### Records excerpted from a collection
▽

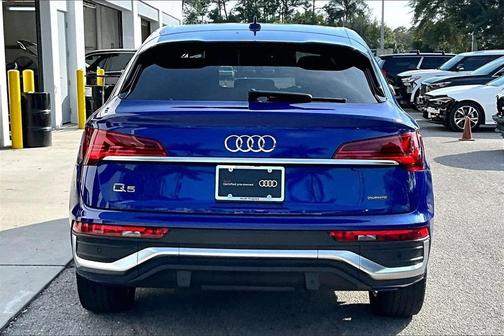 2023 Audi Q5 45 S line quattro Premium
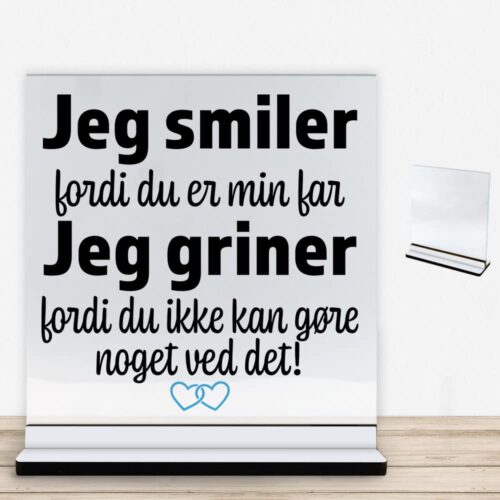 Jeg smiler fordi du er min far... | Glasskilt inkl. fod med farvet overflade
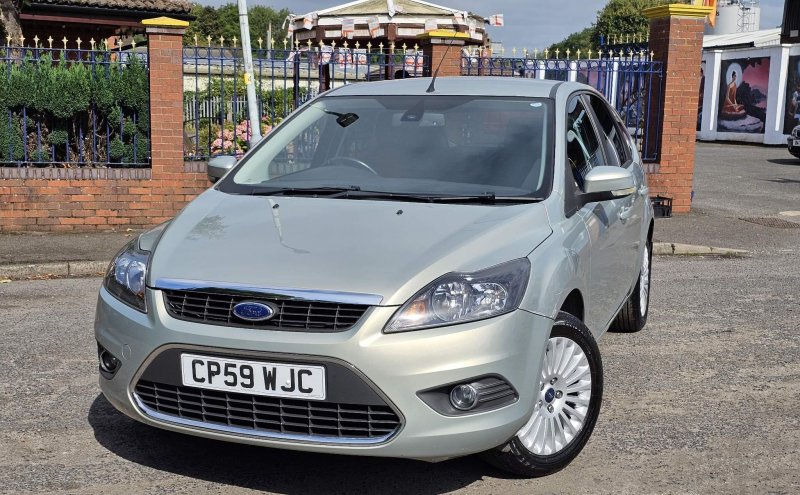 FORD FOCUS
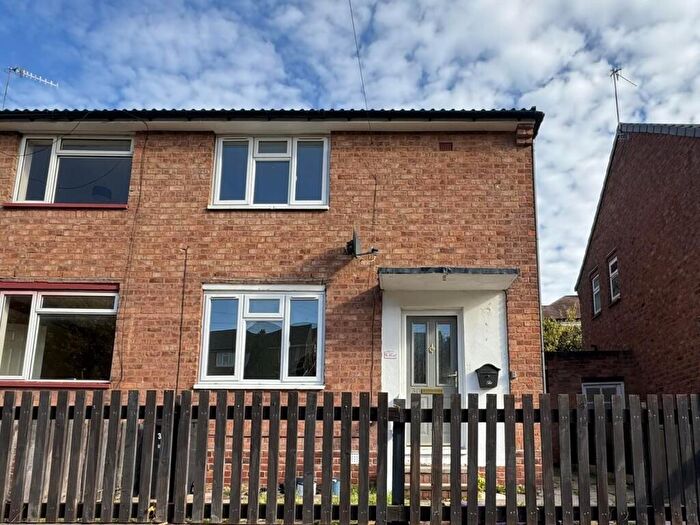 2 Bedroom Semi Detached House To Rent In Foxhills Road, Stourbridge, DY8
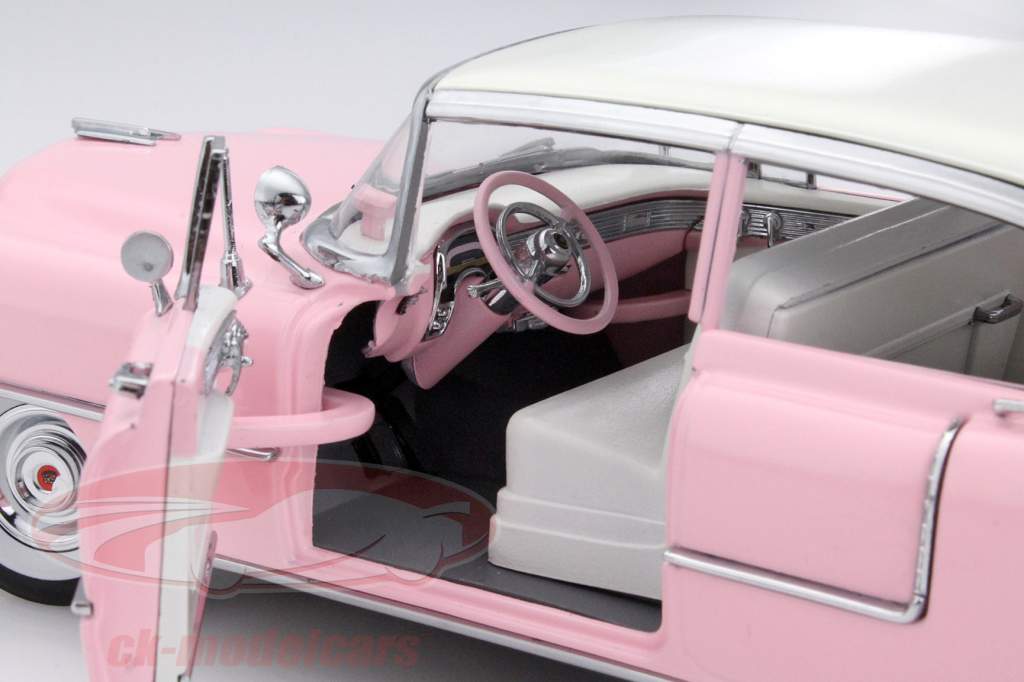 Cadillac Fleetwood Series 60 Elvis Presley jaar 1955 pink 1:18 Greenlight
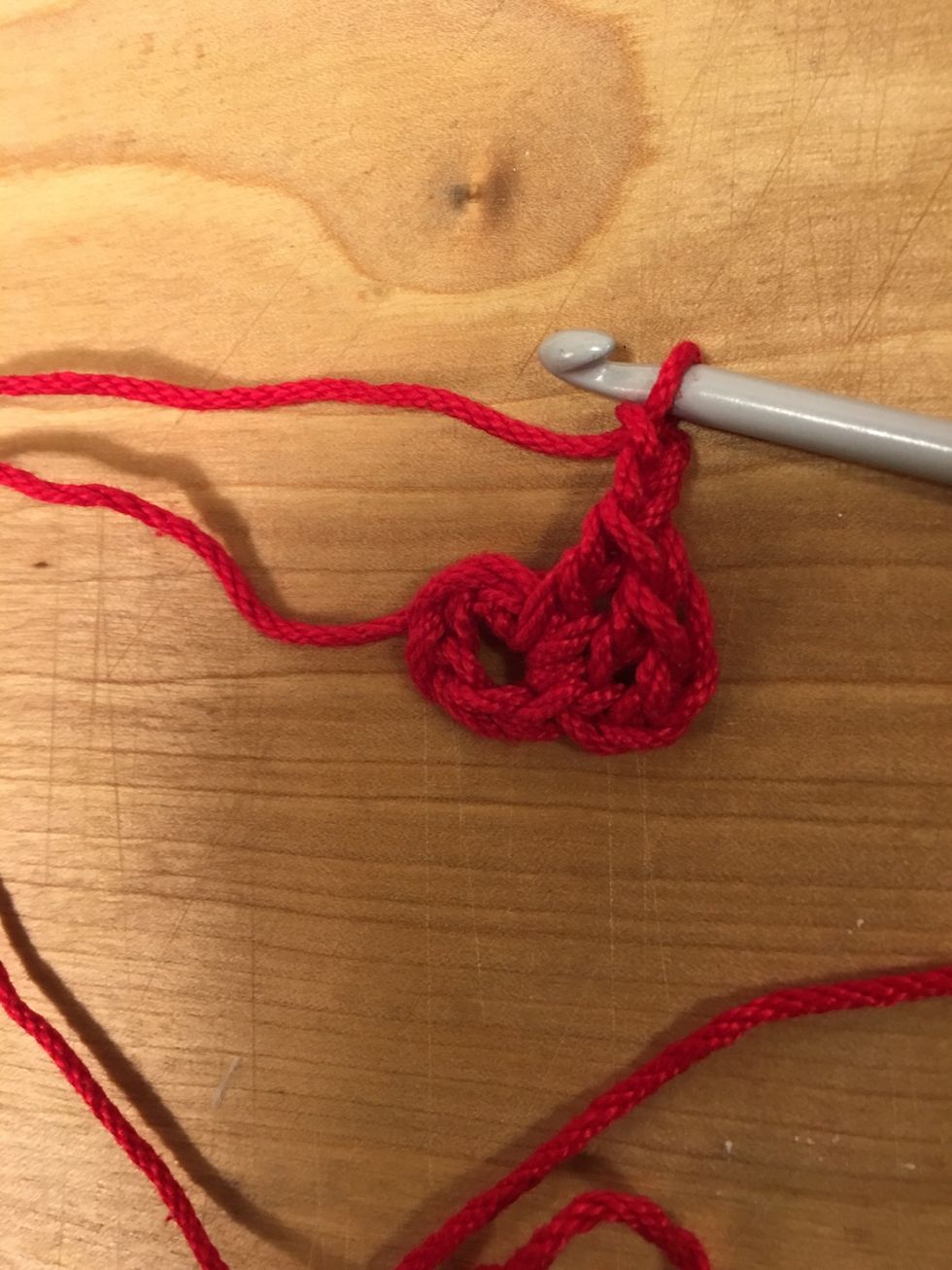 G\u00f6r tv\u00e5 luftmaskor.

△
▽

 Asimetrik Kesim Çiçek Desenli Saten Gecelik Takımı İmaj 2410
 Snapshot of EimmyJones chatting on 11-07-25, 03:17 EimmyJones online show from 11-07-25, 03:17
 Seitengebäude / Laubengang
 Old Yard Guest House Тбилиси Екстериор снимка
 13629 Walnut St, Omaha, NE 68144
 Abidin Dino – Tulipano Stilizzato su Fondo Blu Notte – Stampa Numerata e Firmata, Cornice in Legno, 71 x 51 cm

△

### TASK PROMPT
Find "Asimetrik Kesim Çiçek" in the entries above and copy that whole line exactly, then each line after it through the line that contains "Old Yard Guest".

### TASK ANSWER
 Asimetrik Kesim Çiçek Desenli Saten Gecelik Takımı İmaj 2410
 Snapshot of EimmyJones chatting on 11-07-25, 03:17 EimmyJones online show from 11-07-25, 03:17
 Seitengebäude / Laubengang
 Old Yard Guest House Тбилиси Екстериор снимка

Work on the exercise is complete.